Através do passado de Beatrice
vemos como os filhos acabam repetindo os erros dos pais em um ciclo de traumas
e frustrações até chegarmos na relação de BoJack com Hollyhock. O processo
mental de BoJack é inteligentemente ilustrado como uma série de animações
toscas no sexto episódio, denotando não só a visão negativa que ele tem de si
mesmo, mas também revelando a personalidade depressiva, insegura e cheia de
ansiedade do personagem.
Os momentos mais poderosos da
temporada acabam vindo justamente da exploração do rancor de BoJack com a mãe,
em especial no penúltimo episódio que nos mergulha na mente esclerosada de
Beatrice. Mostrando a decadência e fragmentação de suas memórias através de
rostos rabiscados, cenários tremidos e o modo como a mãe de Beatrice aparece
com uma sombra cujo único traço identificável é a cicatriz de sua lobotomia,
experimentamos o horror vivenciado por uma pessoa presa na própria cabeça e
constantemente revivendo seus piores e mais traumáticos momentos, não muito
diferente do que tinha acontecido com sua própria mãe (embora as causas sejam
diferentes).
Quando tudo parece apontar para
uma visão fatalista da relação entre pais e filhos, a série entrega seu momento
mais arrebatador quando Beatrice tem um breve momento de lucidez e BoJack tem a
oportunidade perfeita para jogar em sua cara quanto a odeia (e estaria
justificado em fazê-lo), mas ao invés disso escolhe abrir mão de seu ódio para
lhe dar uma mínima medida de conforto ao lhe dizer que estão na casa do lago.
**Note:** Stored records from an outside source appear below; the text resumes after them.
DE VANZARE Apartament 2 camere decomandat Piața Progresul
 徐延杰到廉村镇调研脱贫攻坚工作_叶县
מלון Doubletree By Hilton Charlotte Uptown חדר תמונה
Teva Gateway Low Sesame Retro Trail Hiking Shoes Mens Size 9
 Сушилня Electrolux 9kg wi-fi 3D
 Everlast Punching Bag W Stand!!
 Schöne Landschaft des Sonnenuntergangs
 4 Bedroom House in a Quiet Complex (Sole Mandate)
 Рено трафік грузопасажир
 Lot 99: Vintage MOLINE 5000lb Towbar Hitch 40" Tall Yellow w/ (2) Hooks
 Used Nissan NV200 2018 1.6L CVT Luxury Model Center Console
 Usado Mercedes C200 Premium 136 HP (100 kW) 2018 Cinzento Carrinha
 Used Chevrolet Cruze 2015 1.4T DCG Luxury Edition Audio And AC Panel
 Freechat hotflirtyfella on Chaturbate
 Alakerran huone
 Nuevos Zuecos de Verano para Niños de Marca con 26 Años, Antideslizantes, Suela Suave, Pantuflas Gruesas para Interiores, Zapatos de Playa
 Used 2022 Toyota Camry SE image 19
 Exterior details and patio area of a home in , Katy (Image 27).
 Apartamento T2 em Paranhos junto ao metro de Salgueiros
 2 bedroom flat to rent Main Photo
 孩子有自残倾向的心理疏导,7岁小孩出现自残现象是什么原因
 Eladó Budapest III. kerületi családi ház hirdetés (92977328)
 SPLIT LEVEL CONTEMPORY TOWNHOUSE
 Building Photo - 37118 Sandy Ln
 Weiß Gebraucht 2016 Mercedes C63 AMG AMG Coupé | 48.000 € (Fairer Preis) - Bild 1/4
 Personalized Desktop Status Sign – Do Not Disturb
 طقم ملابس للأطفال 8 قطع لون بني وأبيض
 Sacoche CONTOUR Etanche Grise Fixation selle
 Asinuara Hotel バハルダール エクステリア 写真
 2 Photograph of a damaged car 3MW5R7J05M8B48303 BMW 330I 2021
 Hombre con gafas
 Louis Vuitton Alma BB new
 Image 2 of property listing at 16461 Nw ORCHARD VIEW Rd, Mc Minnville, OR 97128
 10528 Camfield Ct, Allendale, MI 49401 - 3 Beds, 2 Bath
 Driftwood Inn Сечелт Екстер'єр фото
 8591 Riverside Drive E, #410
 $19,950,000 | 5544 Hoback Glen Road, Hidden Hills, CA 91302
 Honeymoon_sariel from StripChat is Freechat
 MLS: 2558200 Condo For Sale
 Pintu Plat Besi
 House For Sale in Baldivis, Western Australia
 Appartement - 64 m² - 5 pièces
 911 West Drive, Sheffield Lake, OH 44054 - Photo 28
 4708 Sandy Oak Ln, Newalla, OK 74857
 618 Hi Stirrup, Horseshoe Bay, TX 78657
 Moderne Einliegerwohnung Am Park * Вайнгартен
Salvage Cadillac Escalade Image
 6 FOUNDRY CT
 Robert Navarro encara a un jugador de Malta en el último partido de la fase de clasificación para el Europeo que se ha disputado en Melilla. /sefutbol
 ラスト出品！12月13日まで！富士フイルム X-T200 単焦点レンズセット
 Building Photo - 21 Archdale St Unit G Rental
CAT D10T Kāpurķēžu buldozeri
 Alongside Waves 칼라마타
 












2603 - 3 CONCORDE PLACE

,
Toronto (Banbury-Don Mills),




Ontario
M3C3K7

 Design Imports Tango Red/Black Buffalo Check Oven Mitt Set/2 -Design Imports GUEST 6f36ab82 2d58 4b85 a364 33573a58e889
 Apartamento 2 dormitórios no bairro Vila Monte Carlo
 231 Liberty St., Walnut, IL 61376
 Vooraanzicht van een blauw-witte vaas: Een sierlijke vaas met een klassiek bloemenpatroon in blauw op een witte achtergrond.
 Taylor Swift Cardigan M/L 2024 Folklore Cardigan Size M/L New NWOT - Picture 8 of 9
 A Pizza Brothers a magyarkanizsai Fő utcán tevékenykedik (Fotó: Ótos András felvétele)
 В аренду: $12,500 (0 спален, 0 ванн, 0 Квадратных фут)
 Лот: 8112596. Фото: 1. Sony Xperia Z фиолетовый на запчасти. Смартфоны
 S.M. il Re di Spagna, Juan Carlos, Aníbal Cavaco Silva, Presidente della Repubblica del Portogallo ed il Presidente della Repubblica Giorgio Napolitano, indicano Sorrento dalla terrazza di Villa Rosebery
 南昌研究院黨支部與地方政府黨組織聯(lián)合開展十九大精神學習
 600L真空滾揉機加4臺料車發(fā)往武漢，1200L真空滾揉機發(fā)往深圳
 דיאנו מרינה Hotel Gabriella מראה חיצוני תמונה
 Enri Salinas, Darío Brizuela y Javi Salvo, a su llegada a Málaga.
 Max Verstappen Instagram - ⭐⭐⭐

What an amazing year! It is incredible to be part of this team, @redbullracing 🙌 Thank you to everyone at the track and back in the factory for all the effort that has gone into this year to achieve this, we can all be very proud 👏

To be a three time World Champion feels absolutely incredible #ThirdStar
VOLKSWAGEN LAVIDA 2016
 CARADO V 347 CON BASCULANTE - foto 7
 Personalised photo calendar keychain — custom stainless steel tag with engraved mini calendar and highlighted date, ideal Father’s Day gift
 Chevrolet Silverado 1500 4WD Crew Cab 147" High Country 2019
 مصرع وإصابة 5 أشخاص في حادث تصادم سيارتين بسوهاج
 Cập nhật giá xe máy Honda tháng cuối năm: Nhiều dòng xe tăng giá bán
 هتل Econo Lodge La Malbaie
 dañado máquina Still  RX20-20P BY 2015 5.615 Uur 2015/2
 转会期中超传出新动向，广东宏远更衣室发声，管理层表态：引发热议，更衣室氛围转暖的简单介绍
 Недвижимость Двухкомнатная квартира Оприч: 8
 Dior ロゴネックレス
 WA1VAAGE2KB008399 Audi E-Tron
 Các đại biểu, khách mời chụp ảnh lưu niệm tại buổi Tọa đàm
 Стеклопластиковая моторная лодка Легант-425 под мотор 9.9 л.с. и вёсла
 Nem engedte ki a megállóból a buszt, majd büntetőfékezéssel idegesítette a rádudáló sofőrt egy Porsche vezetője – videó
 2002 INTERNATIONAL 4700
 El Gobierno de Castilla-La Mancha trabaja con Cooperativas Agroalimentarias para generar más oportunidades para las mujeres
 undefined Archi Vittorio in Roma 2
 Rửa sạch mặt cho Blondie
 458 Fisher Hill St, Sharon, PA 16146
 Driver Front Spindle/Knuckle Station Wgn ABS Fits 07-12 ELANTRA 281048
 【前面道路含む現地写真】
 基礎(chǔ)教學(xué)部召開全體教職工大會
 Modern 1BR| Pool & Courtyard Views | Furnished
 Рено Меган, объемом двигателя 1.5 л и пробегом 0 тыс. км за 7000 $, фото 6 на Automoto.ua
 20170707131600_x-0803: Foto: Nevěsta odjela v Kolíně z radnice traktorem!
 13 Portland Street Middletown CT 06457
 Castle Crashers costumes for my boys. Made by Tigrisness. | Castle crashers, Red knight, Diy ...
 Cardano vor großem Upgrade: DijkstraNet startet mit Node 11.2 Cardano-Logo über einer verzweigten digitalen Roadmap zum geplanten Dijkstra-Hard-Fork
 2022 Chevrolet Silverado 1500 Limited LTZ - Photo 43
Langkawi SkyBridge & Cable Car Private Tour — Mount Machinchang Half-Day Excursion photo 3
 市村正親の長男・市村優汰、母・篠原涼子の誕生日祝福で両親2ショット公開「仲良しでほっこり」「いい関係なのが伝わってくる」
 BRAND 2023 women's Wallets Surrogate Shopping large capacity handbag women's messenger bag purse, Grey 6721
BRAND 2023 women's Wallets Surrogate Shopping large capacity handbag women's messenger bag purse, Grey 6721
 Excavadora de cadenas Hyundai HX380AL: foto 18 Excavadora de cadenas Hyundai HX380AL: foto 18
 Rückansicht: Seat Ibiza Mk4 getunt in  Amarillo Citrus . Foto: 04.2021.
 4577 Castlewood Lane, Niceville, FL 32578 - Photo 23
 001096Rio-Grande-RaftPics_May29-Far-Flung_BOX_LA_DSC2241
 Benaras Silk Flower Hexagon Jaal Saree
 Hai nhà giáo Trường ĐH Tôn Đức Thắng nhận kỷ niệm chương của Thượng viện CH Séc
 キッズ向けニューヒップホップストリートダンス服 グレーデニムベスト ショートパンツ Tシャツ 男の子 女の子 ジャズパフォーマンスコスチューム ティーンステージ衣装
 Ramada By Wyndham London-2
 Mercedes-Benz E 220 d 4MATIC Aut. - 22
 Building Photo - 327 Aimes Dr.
Assim, BoJack consegue mostrar que ele talvez seja capaz de quebrar esse ciclo
de relações familiares tóxicas, mostra que pode ser capaz de superar seus
traumas e, bem, que pode ser uma pessoa (ou cavalo) melhor.
Logicamente a temporada não é
feita apenas de momentos de emoção e bad
trip, encontrando muitos momentos para o humor sem noção que lhe é
característico. O arco do Mr. Peanutbutter é uma crítica à espetacularização do
debate político e como a imprensa dá mais destaque a frivolidades do que aos
assuntos realmente importantes. As cenas com Princess Carolyn parodiam
constantemente a conduta autocentrada das personalidades do entretenimento
enquanto que Todd é puro nonsense com
sua empresa de palhaços dentistas cujo desfecho é simplesmente hilário. Mesmo
entre esses personagens, a série também tem algumas verdades duras sobre como
lidamos com a vida, a exemplo do desfecho niilista do nono episódio que nos
lembra como constantemente inventamos mentiras e fantasias para atenuar nossos
problemas. Ainda assim, nessa temporada nenhum desses personagens tem uma
jornada tão interessante e rica quanto a de BoJack, o que acaba diminuindo a
força dos momentos em que ele não está em cena.
Ao se concentrar nos problemas
emocionais e familiares de seu protagonista a quarta temporada de BoJack Horseman é a melhor da série até
aqui, nos fazendo vislumbrar uma possibilidade de reparação ou reconstrução
para o atormentado cavalo antropomórfico.